◆ **Work required**:
Write out, word for word and with no pictures, each line below from the one containing "MOTOR LIMPIA DELANTERO" through the one containing "Watch Band – Leather (iPhone 11 Pro Max)", both included, and no other line.
─── Data extracts ───
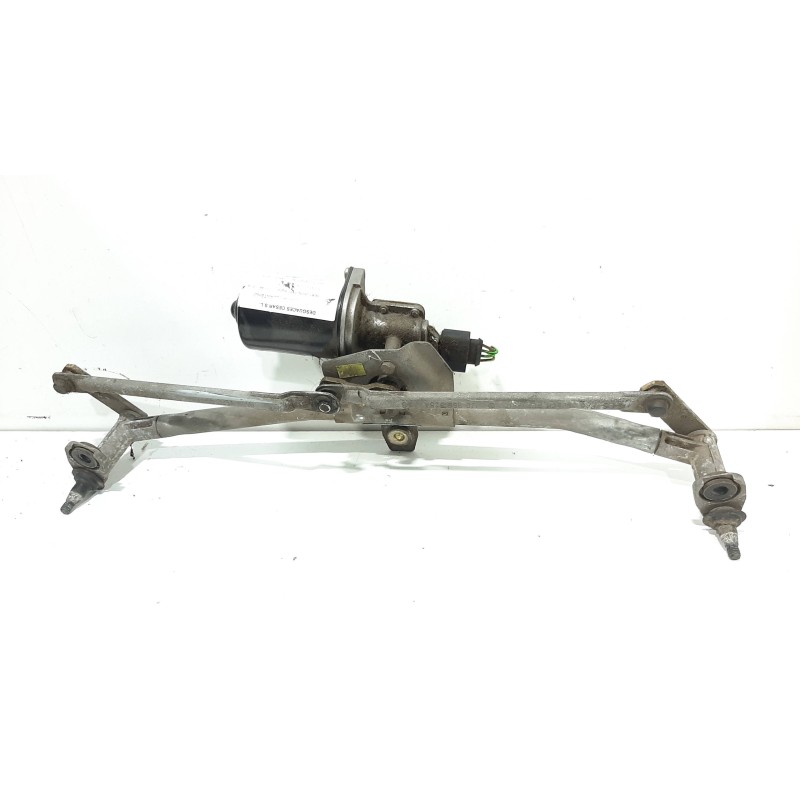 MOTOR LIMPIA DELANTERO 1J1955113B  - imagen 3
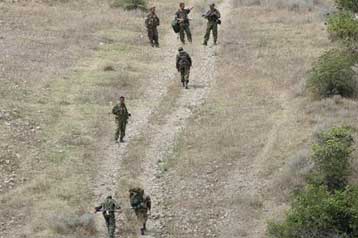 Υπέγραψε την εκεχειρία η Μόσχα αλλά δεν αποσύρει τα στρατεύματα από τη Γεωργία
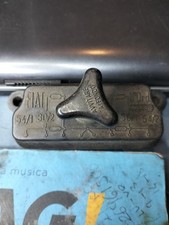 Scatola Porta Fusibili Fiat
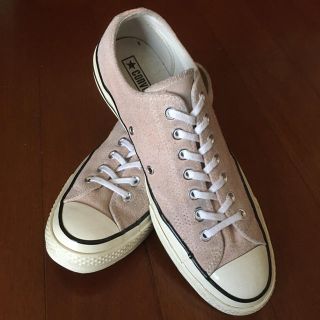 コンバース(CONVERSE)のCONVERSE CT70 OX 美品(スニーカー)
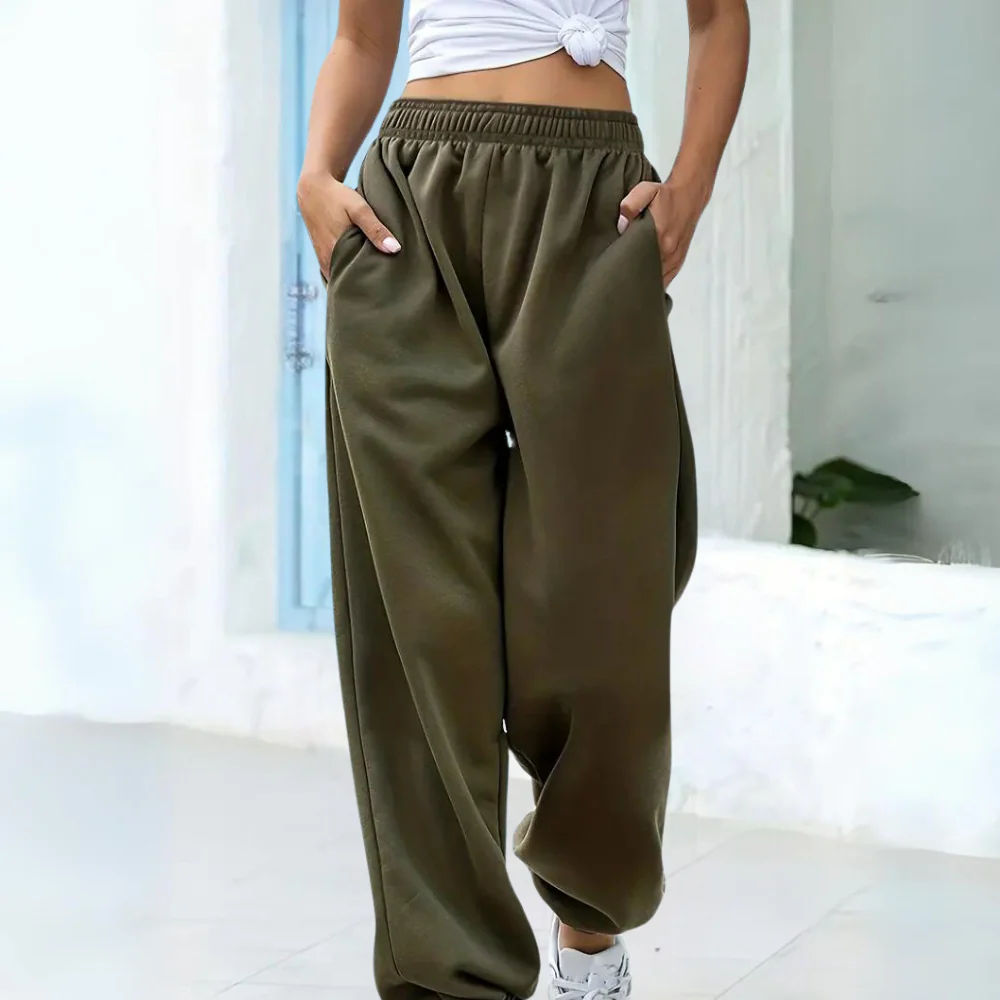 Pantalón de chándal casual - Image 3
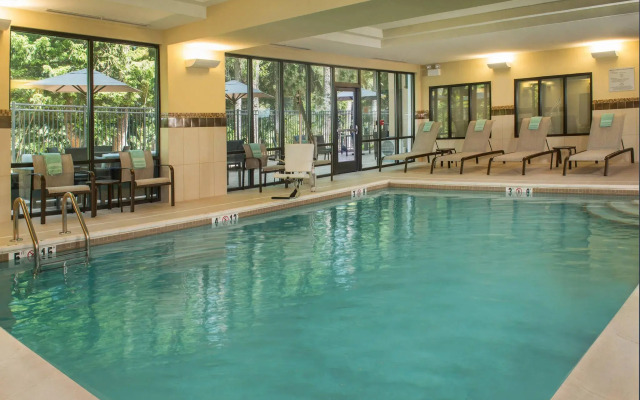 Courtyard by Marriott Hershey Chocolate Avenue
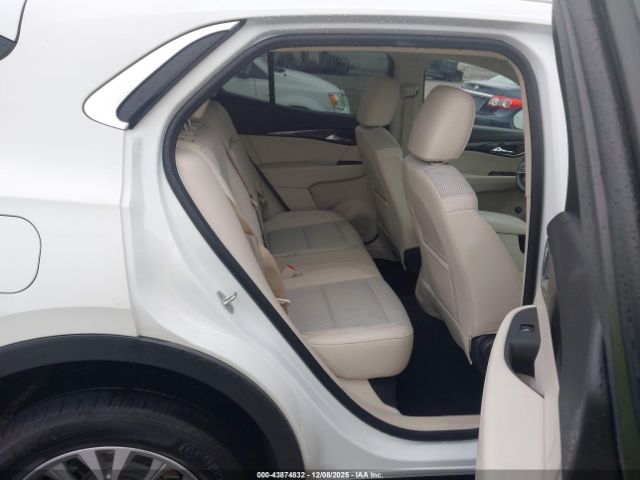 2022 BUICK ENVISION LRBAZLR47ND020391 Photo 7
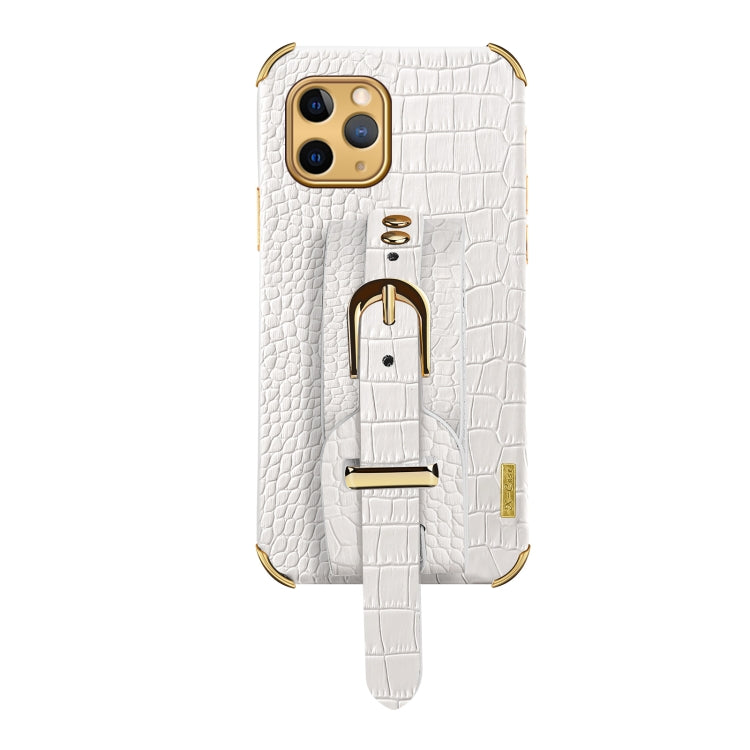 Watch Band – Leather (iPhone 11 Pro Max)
───
─── Data extracts ───
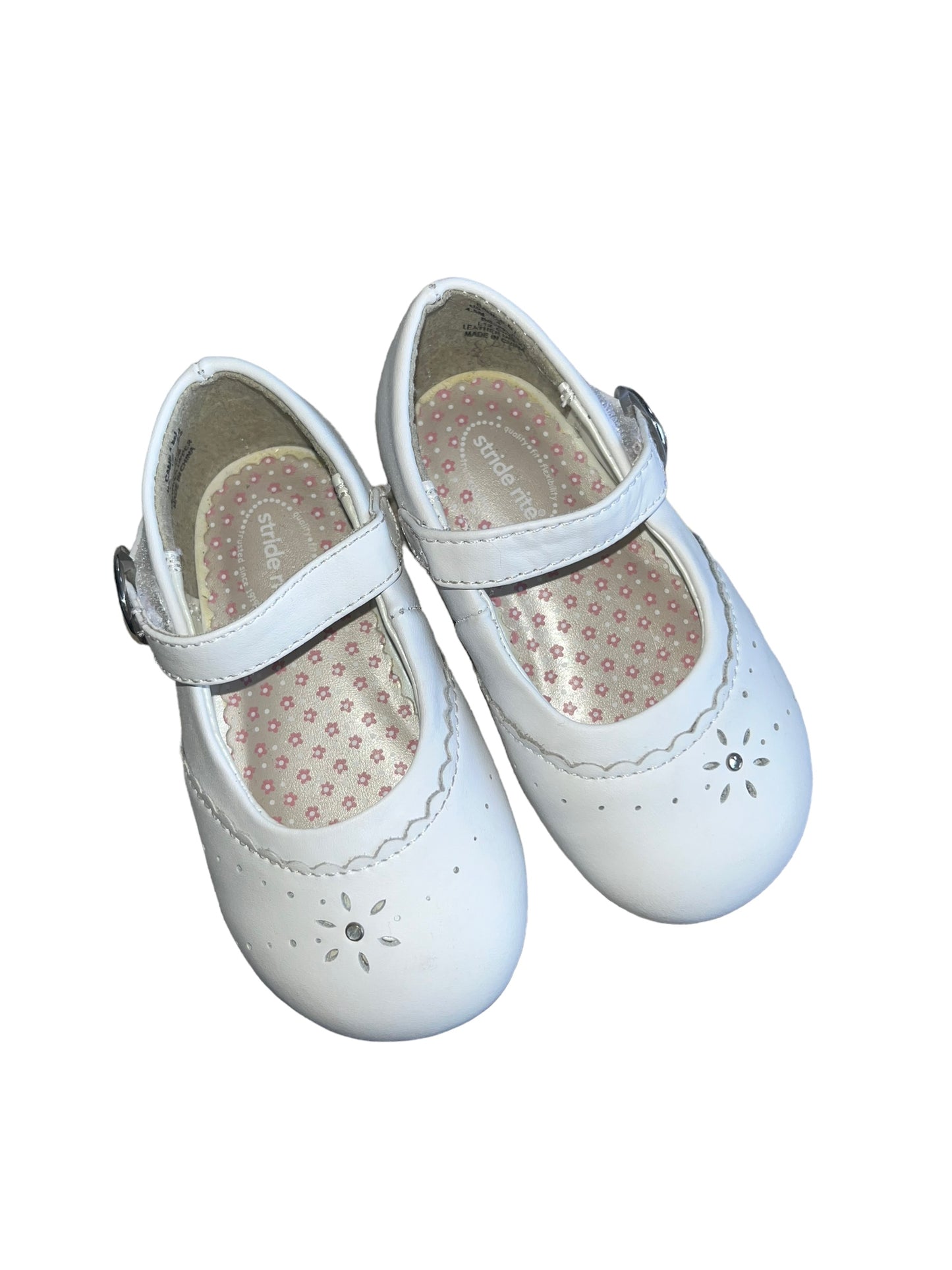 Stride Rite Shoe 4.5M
───
◆ **Answer section**:
 MOTOR LIMPIA DELANTERO 1J1955113B  - imagen 3
 Υπέγραψε την εκεχειρία η Μόσχα αλλά δεν αποσύρει τα στρατεύματα από τη Γεωργία
 Scatola Porta Fusibili Fiat
 コンバース(CONVERSE)のCONVERSE CT70 OX 美品(スニーカー)
 Pantalón de chándal casual - Image 3
 Courtyard by Marriott Hershey Chocolate Avenue
 2022 BUICK ENVISION LRBAZLR47ND020391 Photo 7
 Watch Band – Leather (iPhone 11 Pro Max)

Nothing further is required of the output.